Data extracts -
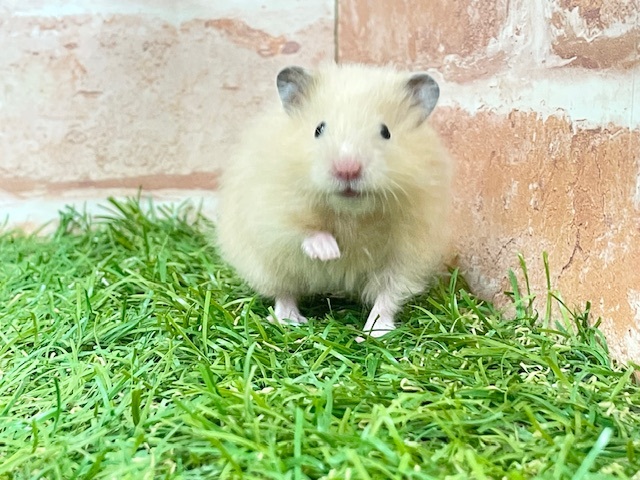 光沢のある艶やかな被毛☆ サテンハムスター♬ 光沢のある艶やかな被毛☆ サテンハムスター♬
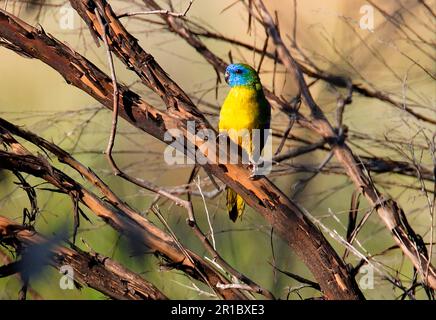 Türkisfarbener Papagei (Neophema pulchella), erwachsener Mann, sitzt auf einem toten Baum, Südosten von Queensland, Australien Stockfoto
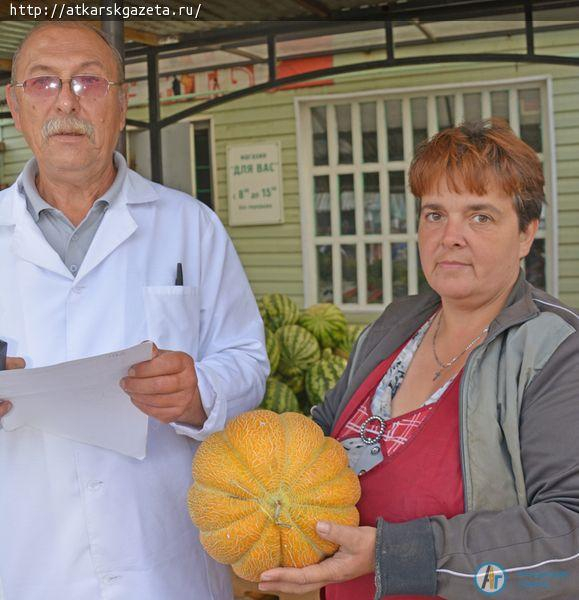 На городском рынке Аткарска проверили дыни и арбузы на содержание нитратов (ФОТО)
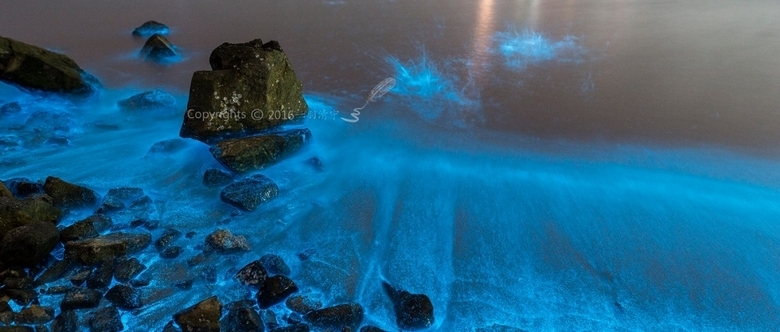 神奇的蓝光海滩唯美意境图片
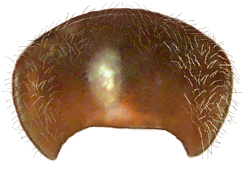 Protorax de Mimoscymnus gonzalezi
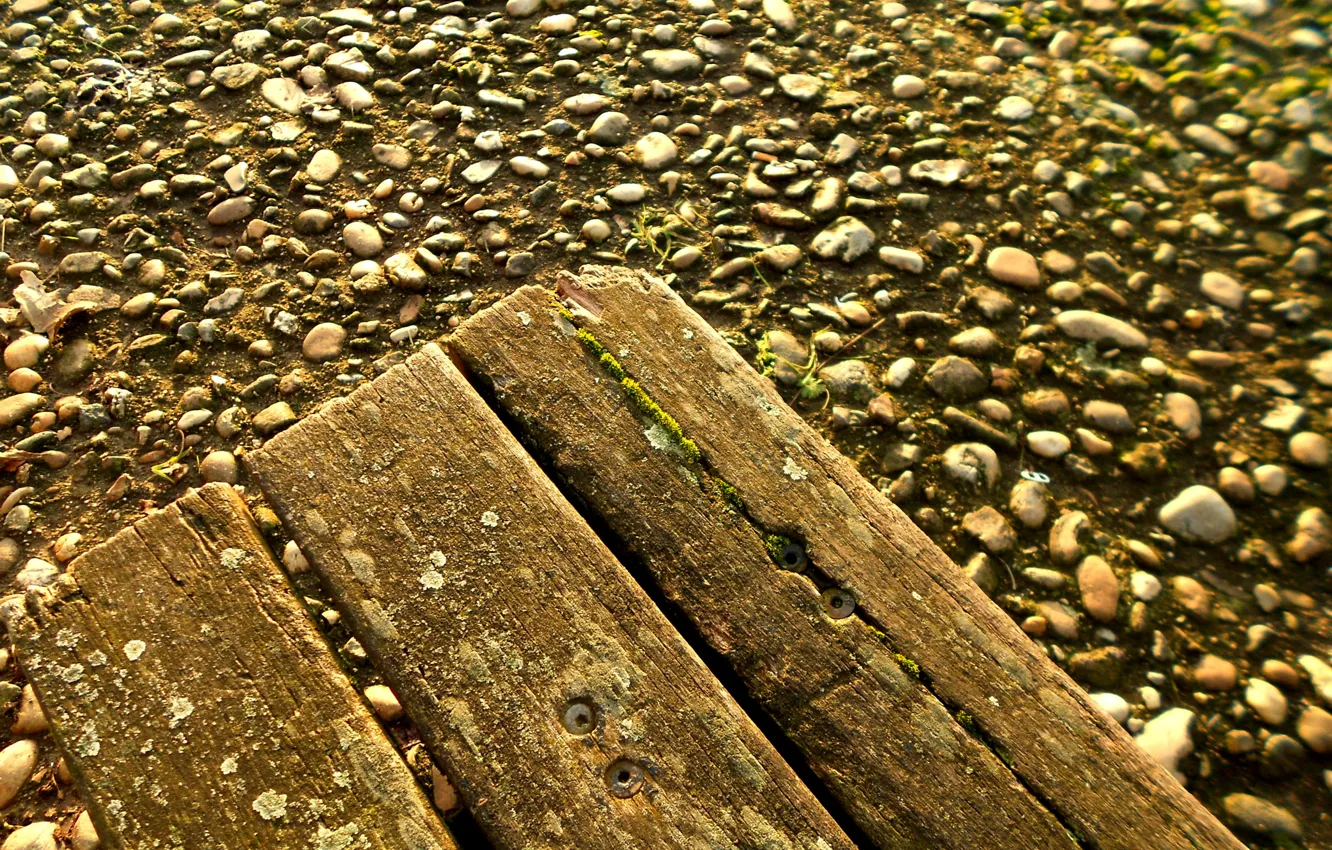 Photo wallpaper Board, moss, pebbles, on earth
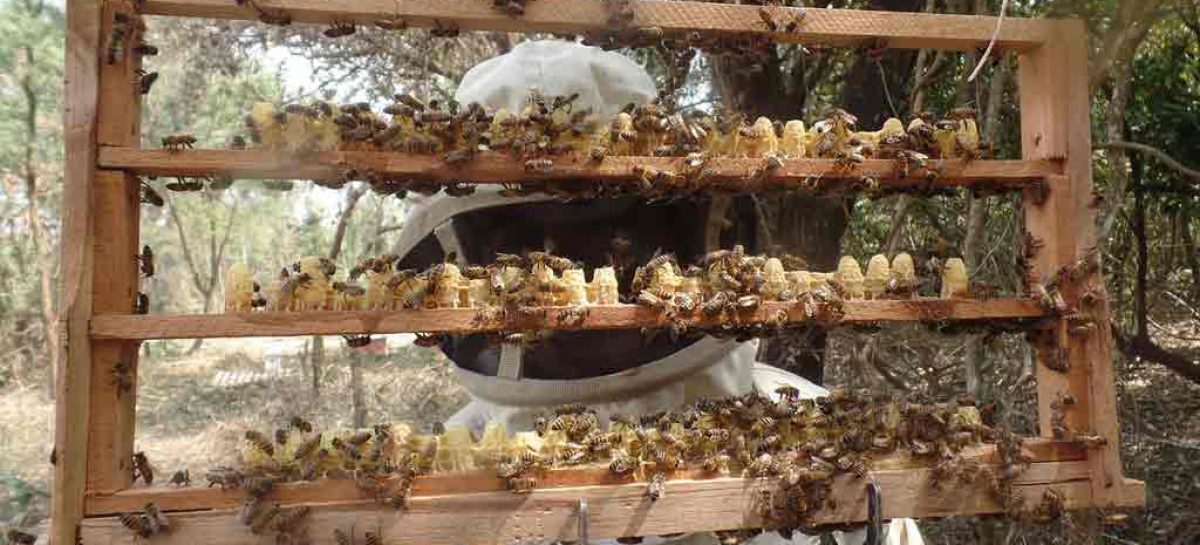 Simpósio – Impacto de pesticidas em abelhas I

About this exercise -
Every line above should be retyped exactly; the pictures do not belong in the copy.

Answer area -
 光沢のある艶やかな被毛☆ サテンハムスター♬ 光沢のある艶やかな被毛☆ サテンハムスター♬
 Türkisfarbener Papagei (Neophema pulchella), erwachsener Mann, sitzt auf einem toten Baum, Südosten von Queensland, Australien Stockfoto
 На городском рынке Аткарска проверили дыни и арбузы на содержание нитратов (ФОТО)
 神奇的蓝光海滩唯美意境图片
 Protorax de Mimoscymnus gonzalezi
 Photo wallpaper Board, moss, pebbles, on earth
 Simpósio – Impacto de pesticidas em abelhas I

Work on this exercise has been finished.